WORK INSTRUCTIONS — Among the entries that follow, some lines contain the word "guys". Show all of them.

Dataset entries
┌──
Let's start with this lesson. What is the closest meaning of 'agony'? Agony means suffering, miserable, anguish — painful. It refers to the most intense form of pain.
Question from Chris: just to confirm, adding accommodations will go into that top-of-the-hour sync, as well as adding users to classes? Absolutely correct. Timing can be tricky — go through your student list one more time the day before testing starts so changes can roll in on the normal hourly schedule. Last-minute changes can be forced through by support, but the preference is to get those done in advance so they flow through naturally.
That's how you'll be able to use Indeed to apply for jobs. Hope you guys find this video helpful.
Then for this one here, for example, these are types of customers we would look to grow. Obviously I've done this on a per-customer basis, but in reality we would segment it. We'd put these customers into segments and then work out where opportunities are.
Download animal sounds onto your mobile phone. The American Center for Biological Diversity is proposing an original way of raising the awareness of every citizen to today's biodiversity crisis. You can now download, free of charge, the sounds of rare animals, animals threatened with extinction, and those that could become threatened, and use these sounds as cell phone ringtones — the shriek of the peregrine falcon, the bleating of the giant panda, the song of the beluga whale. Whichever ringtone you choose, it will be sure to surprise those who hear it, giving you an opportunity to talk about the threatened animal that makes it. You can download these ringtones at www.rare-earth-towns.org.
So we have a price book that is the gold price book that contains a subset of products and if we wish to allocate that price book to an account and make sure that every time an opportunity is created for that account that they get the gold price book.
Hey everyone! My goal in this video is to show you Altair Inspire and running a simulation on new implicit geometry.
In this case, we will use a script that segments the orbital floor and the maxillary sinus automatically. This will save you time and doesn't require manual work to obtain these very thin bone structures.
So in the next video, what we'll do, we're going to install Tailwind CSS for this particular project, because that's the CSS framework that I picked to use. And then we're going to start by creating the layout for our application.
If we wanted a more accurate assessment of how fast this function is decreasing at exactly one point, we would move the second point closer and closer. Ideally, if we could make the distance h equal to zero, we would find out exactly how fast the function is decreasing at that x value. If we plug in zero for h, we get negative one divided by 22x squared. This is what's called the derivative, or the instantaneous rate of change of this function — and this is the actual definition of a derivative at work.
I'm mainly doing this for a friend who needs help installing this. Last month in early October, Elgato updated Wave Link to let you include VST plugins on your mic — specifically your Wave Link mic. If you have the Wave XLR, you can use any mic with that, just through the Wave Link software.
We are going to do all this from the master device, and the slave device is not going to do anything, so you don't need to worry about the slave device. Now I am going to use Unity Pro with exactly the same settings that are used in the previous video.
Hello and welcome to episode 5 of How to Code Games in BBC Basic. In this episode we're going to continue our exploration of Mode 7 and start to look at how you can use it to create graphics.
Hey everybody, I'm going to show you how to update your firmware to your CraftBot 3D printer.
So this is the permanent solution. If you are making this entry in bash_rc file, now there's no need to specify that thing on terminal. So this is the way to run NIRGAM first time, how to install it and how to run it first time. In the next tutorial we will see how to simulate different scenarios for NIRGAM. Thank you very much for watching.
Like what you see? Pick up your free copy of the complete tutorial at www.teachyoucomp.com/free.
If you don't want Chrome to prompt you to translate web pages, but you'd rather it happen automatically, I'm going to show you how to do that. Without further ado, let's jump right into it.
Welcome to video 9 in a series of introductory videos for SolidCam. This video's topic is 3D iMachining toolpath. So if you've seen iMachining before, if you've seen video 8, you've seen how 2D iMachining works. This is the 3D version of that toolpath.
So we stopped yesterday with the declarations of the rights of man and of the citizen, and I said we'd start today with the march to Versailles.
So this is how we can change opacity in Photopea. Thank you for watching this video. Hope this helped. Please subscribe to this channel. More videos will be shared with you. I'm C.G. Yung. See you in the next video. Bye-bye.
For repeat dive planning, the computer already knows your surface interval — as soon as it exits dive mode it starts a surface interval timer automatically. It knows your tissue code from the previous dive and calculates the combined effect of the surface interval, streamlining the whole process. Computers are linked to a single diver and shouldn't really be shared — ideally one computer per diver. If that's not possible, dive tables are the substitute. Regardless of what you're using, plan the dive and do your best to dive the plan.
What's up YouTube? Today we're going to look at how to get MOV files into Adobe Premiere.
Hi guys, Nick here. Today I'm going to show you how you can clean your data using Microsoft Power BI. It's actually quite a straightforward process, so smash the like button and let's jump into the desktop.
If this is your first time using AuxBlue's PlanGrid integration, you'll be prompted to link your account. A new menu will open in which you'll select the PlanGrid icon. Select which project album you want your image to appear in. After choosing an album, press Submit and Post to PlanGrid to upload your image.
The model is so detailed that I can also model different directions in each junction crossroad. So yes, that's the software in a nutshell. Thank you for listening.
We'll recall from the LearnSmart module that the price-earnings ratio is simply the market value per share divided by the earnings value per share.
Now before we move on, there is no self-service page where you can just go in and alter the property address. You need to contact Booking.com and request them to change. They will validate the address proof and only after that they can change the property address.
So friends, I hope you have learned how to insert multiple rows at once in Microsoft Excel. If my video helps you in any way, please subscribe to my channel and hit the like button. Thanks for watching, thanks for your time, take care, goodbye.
└──
TASK RESULT —
That's how you'll be able to use Indeed to apply for jobs. Hope you guys find this video helpful.
Hi guys, Nick here. Today I'm going to show you how you can clean your data using Microsoft Power BI. It's actually quite a straightforward process, so smash the like button and let's jump into the desktop.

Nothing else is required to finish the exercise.